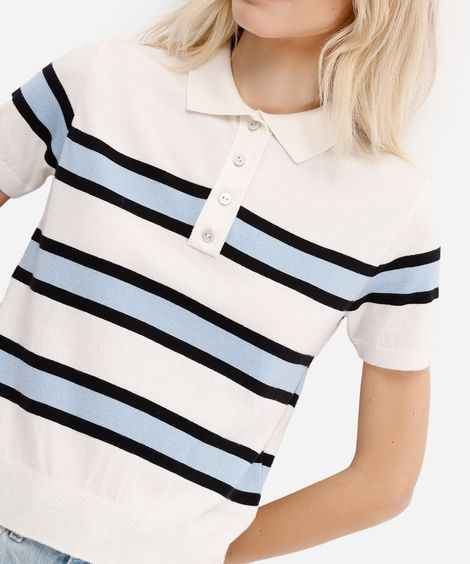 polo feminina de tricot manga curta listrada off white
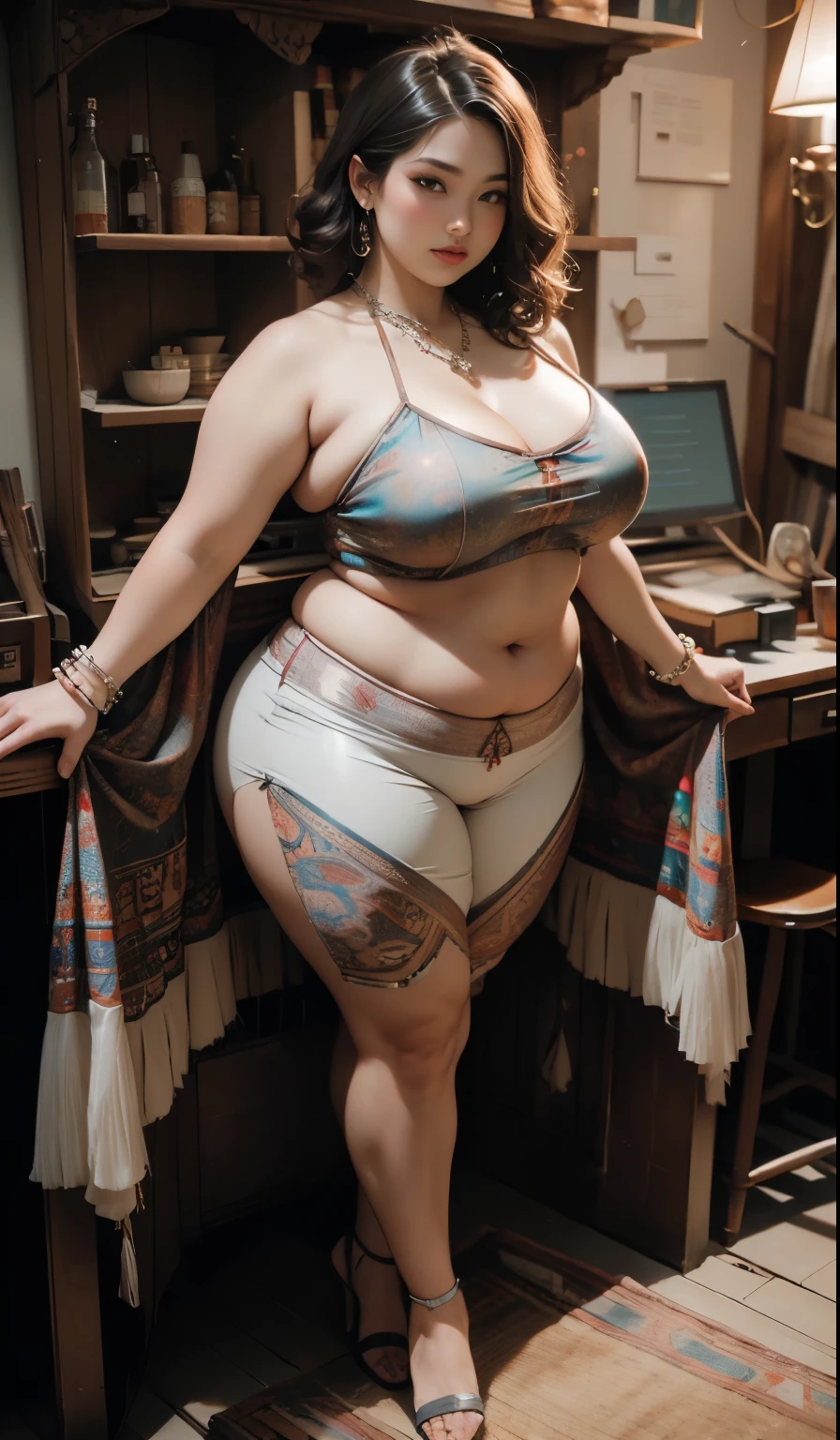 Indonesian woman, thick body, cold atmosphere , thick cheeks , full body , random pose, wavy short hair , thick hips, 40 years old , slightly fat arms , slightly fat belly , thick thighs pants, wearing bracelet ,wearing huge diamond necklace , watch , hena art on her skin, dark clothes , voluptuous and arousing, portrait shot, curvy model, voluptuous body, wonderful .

--

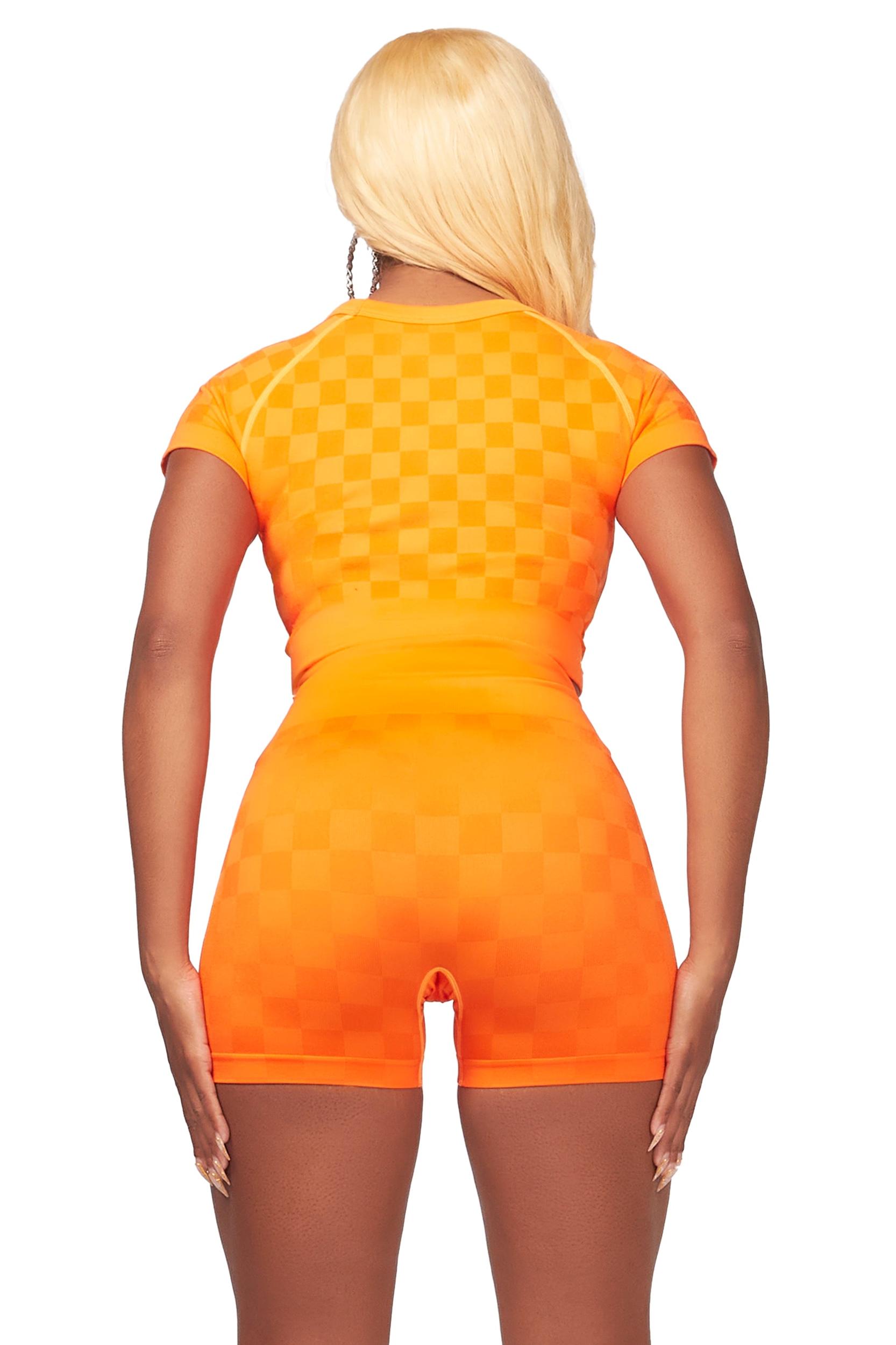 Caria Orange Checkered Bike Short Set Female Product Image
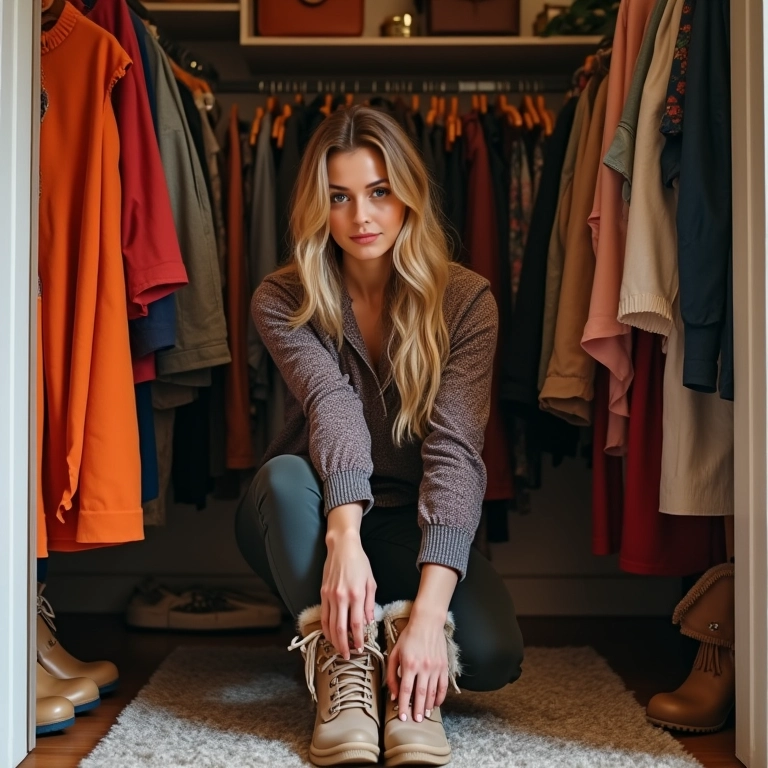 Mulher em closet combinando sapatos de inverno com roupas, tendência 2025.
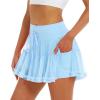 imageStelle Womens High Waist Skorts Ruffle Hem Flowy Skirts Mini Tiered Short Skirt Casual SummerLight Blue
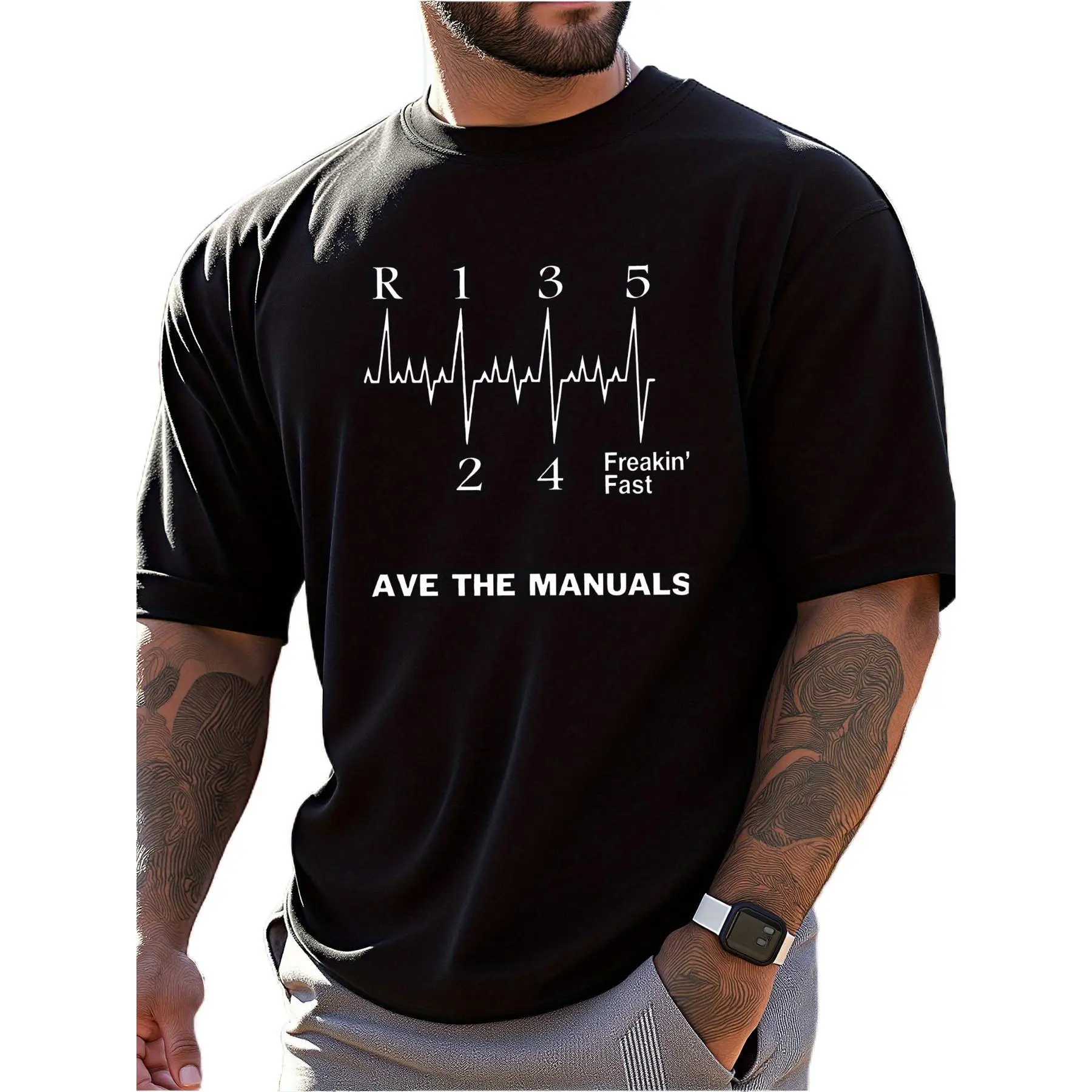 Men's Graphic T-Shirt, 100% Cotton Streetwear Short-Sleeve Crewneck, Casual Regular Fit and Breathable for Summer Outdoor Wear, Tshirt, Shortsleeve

---

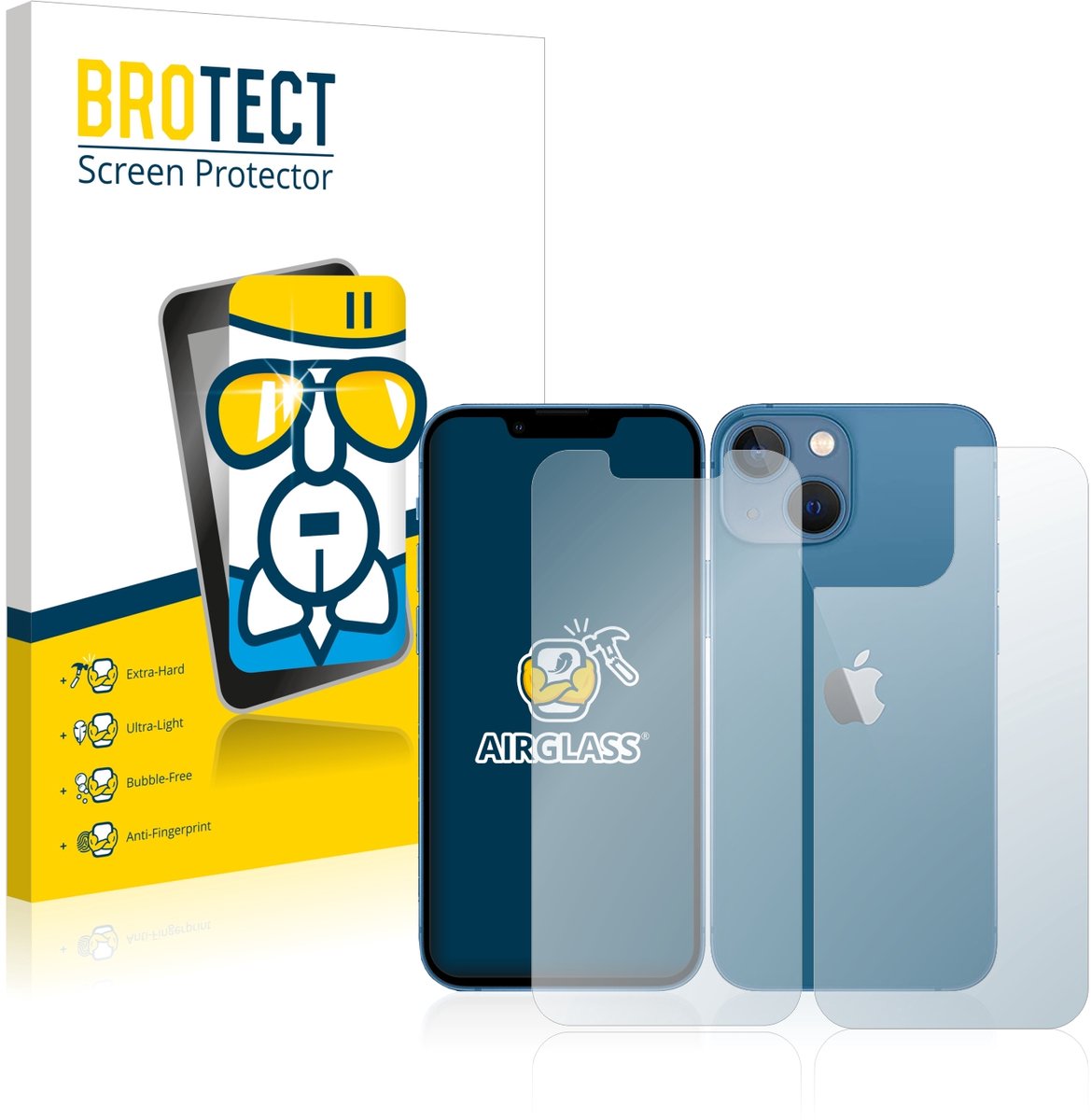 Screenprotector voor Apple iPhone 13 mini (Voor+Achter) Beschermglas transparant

* _GOAL OF THE EXERCISE_:
I'd like the lines above repeated exactly, from the one that contains "Mulher em closet" through the one that contains "Men's Graphic T-Shirt, 100%", with no pictures.

* _SOLUTION_:
 Mulher em closet combinando sapatos de inverno com roupas, tendência 2025.
 imageStelle Womens High Waist Skorts Ruffle Hem Flowy Skirts Mini Tiered Short Skirt Casual SummerLight Blue
 Men's Graphic T-Shirt, 100% Cotton Streetwear Short-Sleeve Crewneck, Casual Regular Fit and Breathable for Summer Outdoor Wear, Tshirt, Shortsleeve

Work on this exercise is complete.